Wasps fly-half Lima Sopoaga, a 16-cap New Zealander, reckoned only this week the All Black jersey was no longer enough to stem the tide of players departing the country.
Even New Zealand rugby is reportedly running at an operating loss, despite the seemingly endless onpitch successes.
Pichot has seen all this unfold and presumably that is why he is speaking out.
CASH IN THE NORTH
Gold-standard rugby is still largely served up in the south, through New Zealand.
But the cash is elsewhere. Somehow, World Rugby need to restore the magic of the Test game to help reinvigorate the sport’s appeal and viability below the equator.
A global season might bring fewer Tests, but, for some, less would be more.
They believe that broadcasters would pay extra for something with a relative scarcity value, and interest would pick up.
It is a delicate balancing act because the international game is still a key driver of the sport and cutting back the number of matches being played wouldn’t be without risk if that is the plan.
Can a newly-structured rugby calendar be drawn up to suit the Test game and the powerful club owners in the north?
We’ll see.
THE PLAYER DRAIN
But the player drain is going to be tough to sort out.
Sportsmen have short careers and
the best tend to migrate to where they can best rewarded.
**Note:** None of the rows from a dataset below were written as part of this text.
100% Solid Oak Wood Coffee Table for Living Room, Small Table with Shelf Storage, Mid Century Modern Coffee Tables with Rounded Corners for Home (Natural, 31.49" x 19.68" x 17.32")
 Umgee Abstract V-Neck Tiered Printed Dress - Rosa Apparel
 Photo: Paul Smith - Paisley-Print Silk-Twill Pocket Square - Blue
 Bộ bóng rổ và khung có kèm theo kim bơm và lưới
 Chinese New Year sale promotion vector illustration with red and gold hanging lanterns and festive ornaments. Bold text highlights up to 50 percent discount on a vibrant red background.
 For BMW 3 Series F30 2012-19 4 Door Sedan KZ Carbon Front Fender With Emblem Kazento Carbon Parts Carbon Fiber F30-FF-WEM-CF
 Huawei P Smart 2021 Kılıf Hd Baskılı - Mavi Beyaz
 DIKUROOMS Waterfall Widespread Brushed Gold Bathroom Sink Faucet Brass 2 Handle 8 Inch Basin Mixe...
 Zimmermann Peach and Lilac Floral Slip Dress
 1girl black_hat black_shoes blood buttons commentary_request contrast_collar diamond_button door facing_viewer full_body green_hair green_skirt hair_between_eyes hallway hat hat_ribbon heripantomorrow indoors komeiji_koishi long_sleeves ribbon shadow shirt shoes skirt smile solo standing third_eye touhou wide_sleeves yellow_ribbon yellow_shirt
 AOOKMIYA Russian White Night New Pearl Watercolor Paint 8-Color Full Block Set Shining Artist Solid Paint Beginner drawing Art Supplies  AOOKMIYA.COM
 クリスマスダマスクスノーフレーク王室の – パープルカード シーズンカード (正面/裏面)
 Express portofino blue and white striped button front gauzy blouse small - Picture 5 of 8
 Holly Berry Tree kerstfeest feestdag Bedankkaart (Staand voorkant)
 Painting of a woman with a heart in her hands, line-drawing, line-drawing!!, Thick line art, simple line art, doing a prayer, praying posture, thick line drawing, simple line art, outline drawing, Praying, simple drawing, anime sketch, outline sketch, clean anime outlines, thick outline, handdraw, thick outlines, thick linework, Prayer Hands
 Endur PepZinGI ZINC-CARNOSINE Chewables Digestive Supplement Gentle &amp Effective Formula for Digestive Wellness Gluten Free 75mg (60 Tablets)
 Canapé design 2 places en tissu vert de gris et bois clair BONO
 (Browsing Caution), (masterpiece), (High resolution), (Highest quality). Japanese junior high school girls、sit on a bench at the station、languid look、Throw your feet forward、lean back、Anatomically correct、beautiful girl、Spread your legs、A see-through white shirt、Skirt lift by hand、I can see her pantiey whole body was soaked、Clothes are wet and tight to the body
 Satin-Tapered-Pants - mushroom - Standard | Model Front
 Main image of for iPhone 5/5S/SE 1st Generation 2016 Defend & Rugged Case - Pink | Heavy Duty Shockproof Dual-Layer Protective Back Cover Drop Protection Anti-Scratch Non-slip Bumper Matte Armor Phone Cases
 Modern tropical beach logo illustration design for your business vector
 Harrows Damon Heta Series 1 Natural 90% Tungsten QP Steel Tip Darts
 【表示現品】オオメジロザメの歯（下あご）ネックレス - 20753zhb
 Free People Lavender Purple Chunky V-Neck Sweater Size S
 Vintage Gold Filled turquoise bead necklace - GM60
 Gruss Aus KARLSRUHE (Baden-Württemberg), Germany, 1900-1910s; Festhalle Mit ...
It happens in other sports, with Mo Salah presumably not residing in Liverpool these days because he wants to learn more about the Royal Albert Dock, the Cavern Club and the history of The Beatles.
It is not astrophysics to appreciate that when a sport is professional, those who play it will want to cash in to the max.
PLAYER WELFARE
Pichot talks about player welfare and the need to look after those who do all the scrummaging, jumping, passing, kicking and running, but best of luck with that.
Premiership club owners in England are in negotiations to secure multi-million pound support for their league, having turned down an offer of £275 million for 51 percent of the league.
There are plans to extend the season into June, and presumably anyone shelling out the thick end of £300 million is not going to want to see their prize assets sitting in the stand too often.
So, the likelihood is that players will continue to be flogged.
WHAT DOES IT ALL MEAN FOR WALES?
The Welsh Rugby Union are likely to support moves that they see as strengthening the Test game, not least because it helps hugely to fund the sport in Wales.
But events in the south show that international rugby’s appeal cannot be relied on without question.
It is too early to say what might happen to the Six Nations should Pichot’s plans for a brave new world take effect. The grand old competition is that rare rugby beast, something that works financially, so meddling with it would involve risk.
An accord on a global season seems to be Pichot’s magic bullet to cure many problems.
But there are so many competing voices.
Expect a river of arguments before a compromise is reached.